◆ AIM OF THE EXERCISE
Starting with the line where "Spigen Essential 10000mAh" appears, print every line through the end of the entries below exactly as it stands, and leave out the pictures.

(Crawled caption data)

- - -

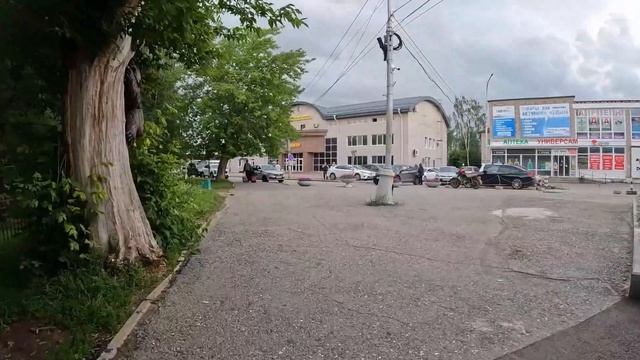 часть седьмая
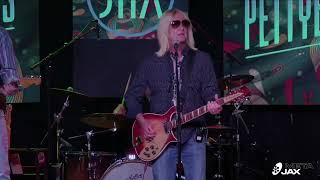 Saving Grace (Tom Petty and the Heartbreakers), performed by PettyBreakers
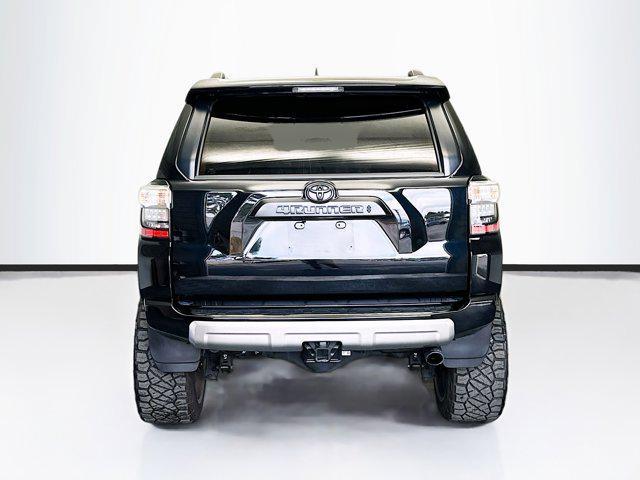 used 2022 Toyota 4Runner car, priced at $43,888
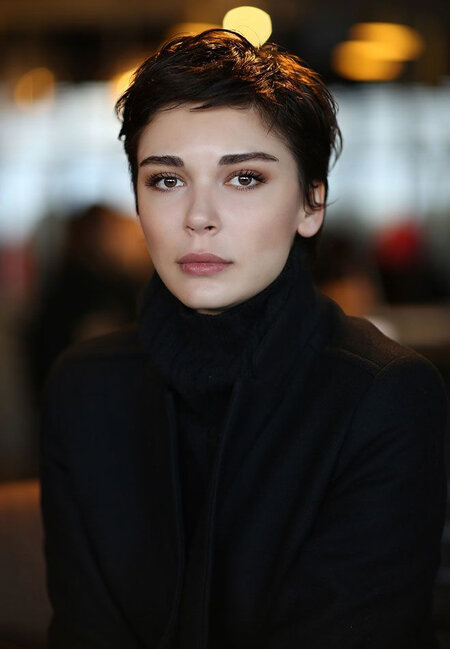 "Yalı çapkını"nda yeni sima - FOTO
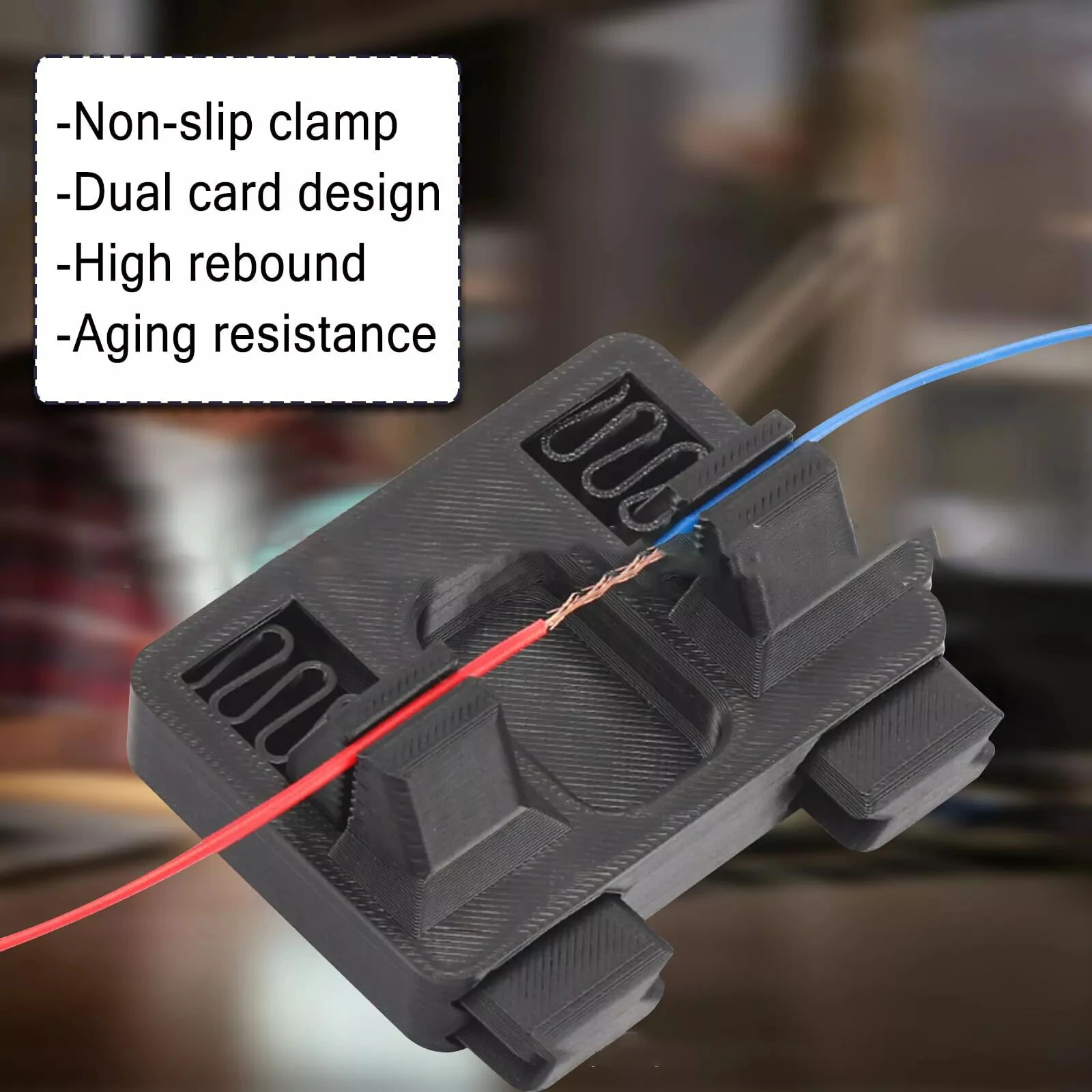 Welding Wire Fixture Adjustable Suction Bracket Welding Table Clamp For Motherboard Soldering Welding Locator Soldering Tools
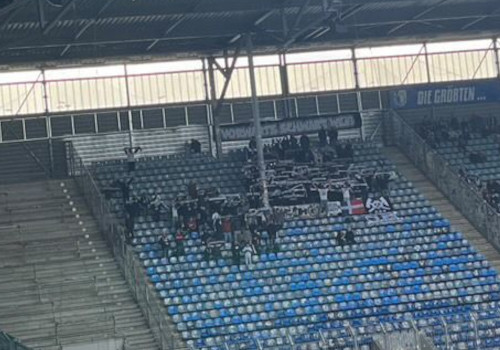 1. FC Magdeburg – SV Elversberg 0:4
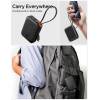 Spigen Essential 10000mAh Power Bank Black ABA09023
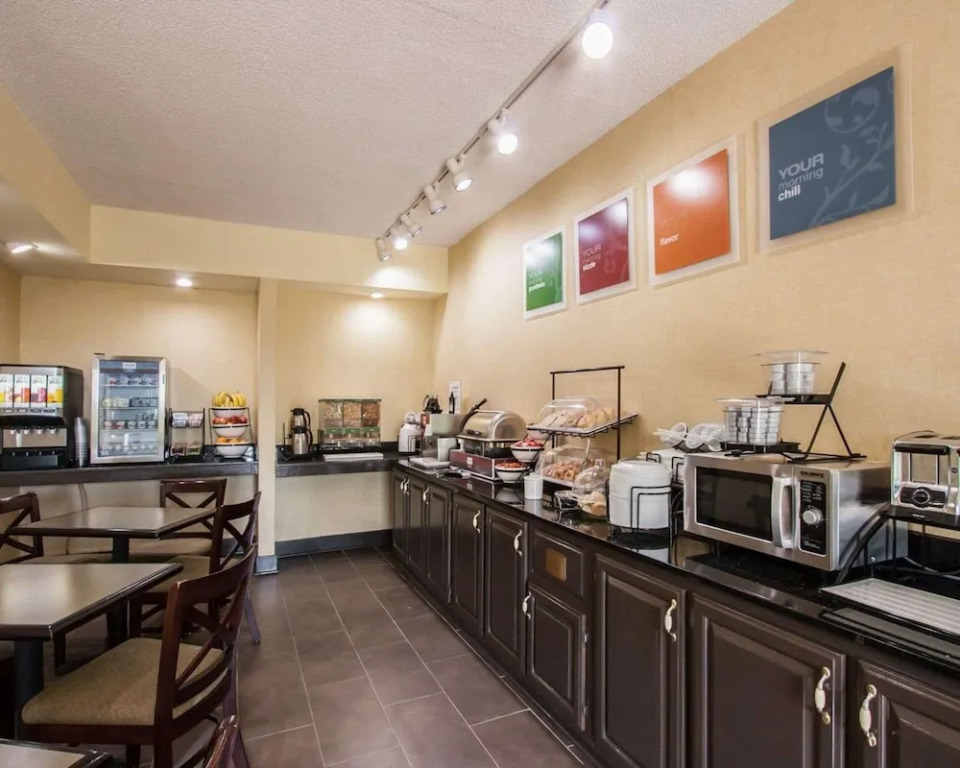 Comfort Inn Hayti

- - -

◆ YOUR SOLUTION
 Spigen Essential 10000mAh Power Bank Black ABA09023
 Comfort Inn Hayti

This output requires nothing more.